Records to process:
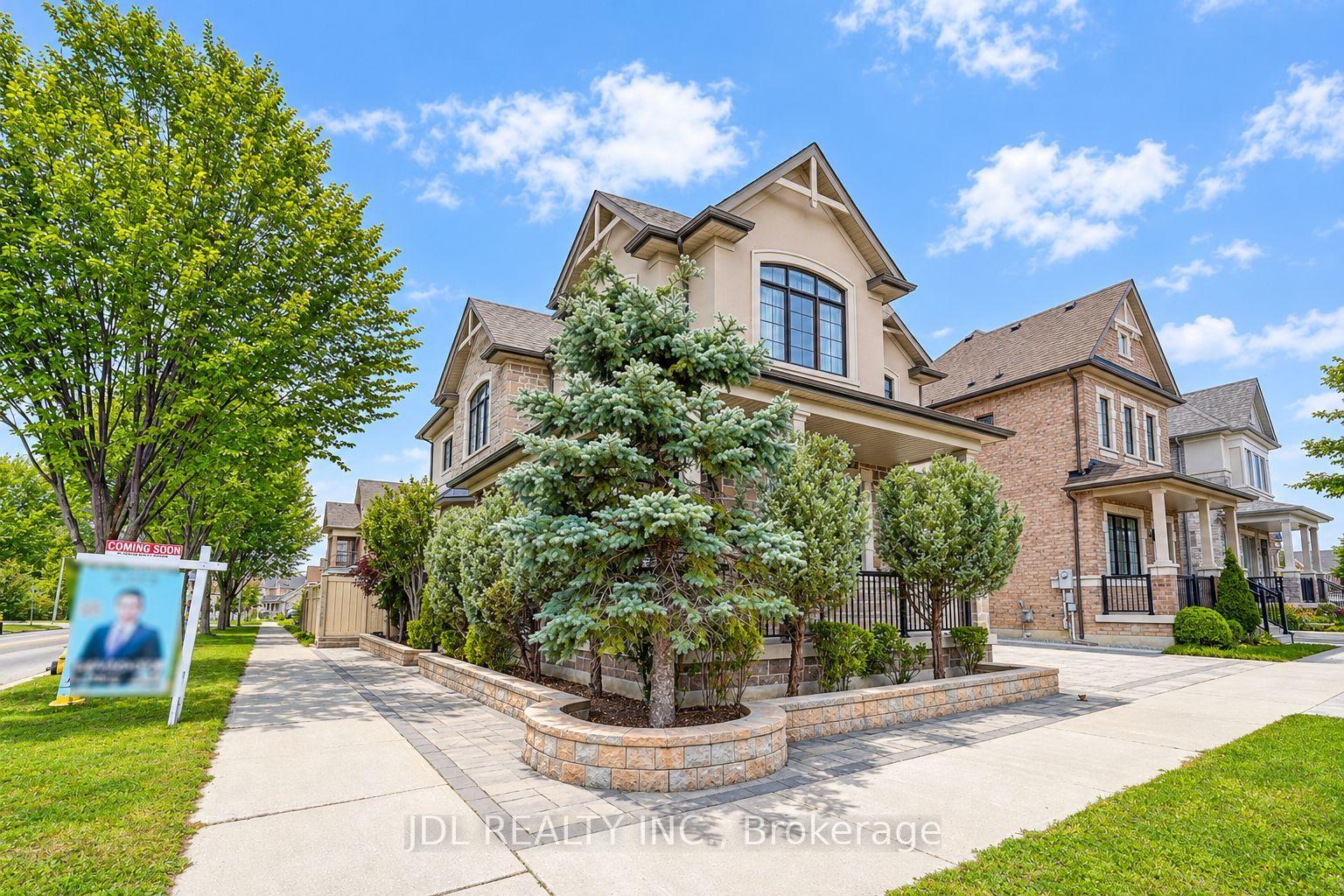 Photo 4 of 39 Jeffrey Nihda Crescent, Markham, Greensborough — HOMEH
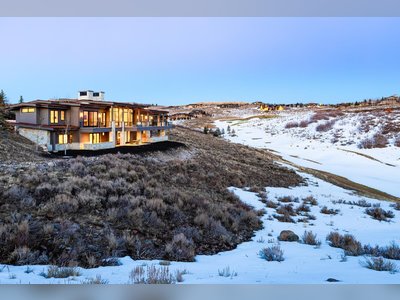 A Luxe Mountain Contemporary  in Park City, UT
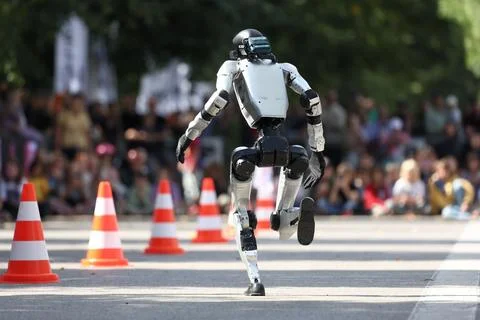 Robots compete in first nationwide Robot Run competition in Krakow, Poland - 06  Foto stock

--

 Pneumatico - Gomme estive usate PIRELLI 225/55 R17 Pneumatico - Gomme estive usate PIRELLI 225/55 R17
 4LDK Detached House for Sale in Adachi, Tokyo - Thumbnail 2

...

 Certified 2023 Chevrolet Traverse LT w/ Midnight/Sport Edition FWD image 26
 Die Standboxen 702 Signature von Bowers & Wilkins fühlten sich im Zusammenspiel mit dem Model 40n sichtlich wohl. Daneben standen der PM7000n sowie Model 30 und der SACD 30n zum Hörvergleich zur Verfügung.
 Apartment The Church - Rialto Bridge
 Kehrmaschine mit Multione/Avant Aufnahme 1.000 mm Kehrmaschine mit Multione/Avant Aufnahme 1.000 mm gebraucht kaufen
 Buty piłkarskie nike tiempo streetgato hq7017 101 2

What the task requires:
Each line above that falls between the line with "Photo 4 of 39" and the line with "Robots compete in" should be printed exactly, together with those two lines, but the pictures should not.

Answer space:
 Photo 4 of 39 Jeffrey Nihda Crescent, Markham, Greensborough — HOMEH
 A Luxe Mountain Contemporary  in Park City, UT
 Robots compete in first nationwide Robot Run competition in Krakow, Poland - 06  Foto stock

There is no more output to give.